Pretty much everyone I’ve bumped into of late and everywhere I’ve gone, people have wanted to talk to me about my interview with the Green Party leader Natalie Bennett. This, I have to report, is par for the course in journalism as, rather like starving vultures, we love to gather around a potential victim in readiness to gorge ourselves.
If you missed it, Ms. Bennett’s interview descended into near farce when she struggled to answer the most basic questions about the financing of her party’s ambitious housing projects and ultimately decided a fit of coughing was the best form of escape.
While it was undoubtedly ugly what many of you might not know is that since then the membership of the Green Party has actually increased. And, the reason for that is, I reckon, quite simple.

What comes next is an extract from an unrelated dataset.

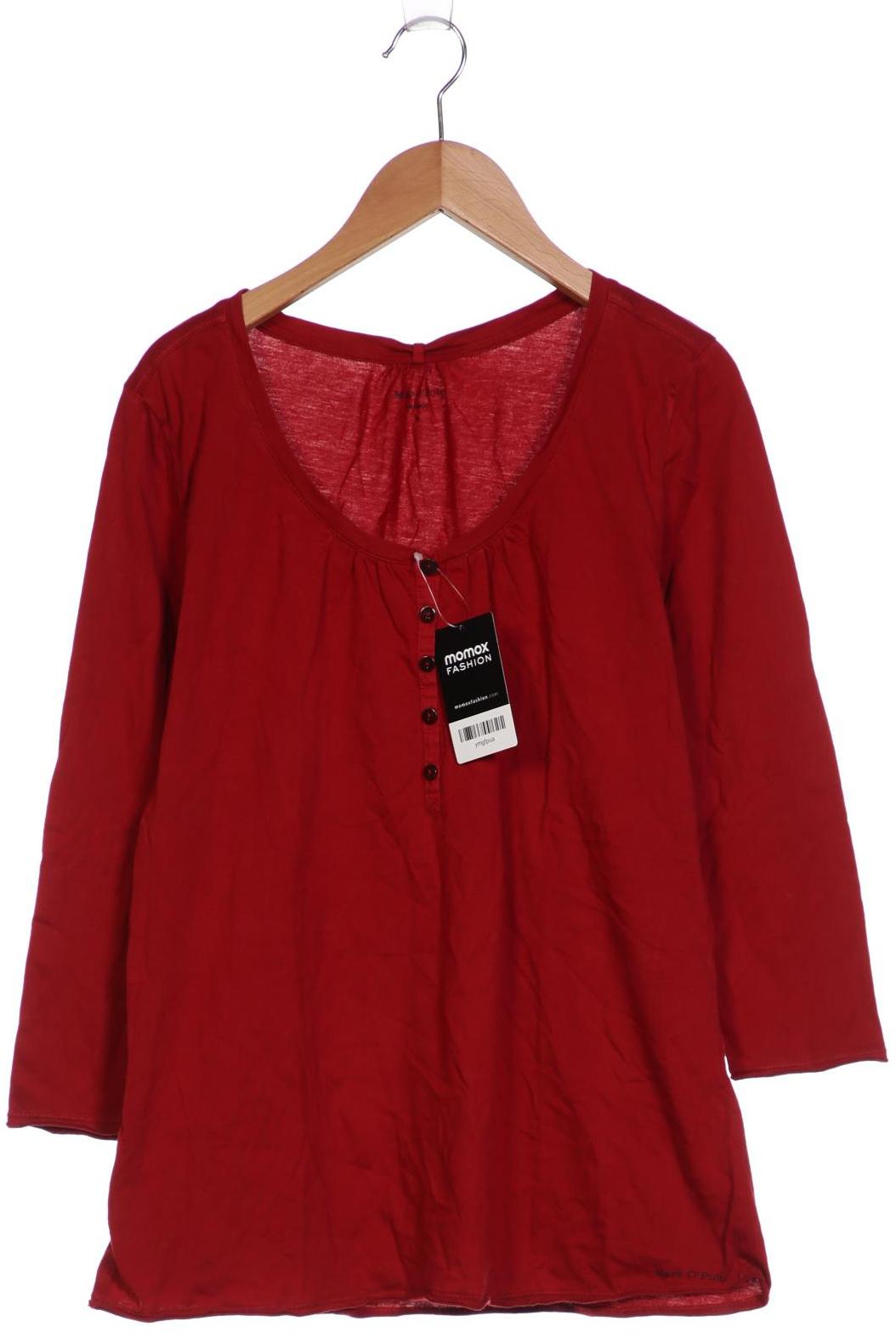 

Marc O Polo Damen Langarmshirt, rot, Gr. 38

We like, and respect, honesty.
Because, within two hours of that radio interview Ms. Bennett had been quizzed about her performance and she had the wisdom to admit she blew it. She described it as “excruciating” and offered an immediate apology to her party faithful for her mumbling and bumbling.
In that moment of brutal honesty she seized an opportunity to gain a considerable positive out of a crushing negative. We like to see leaders, bosses and those in positions of power or authority, behave like ordinary human beings, particularly when things go wrong.

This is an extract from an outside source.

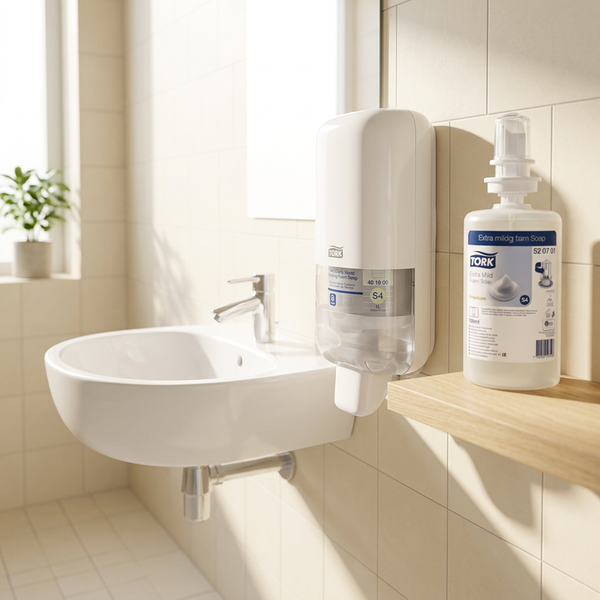 Tork/Lotus – sæbe, refills og dispensersystemer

Too often the default position for any boss or politician who’s screwed up is to become like an automaton. Meaningless expressions such as “lessons have been learned” or “we need a root and branch review of our practices” are trotted out and we all reach for the remote control to change the channel, or a brick to throw through the TV screen.
The candour shown by Ms. Bennett is therefore as refreshing as it is commendable and don’t be surprised many have welcomed it as much as you do the first daffodils in Spring.
When it comes to the private sector, while we don’t expect a beleaguered boss to open the books and act like Private Fraser from Dad’s Army and gravely intone “We’re all doomed,” a readiness to accept they’re in a hole, there’s digging to be done and they’re up for the challenge would work wonders.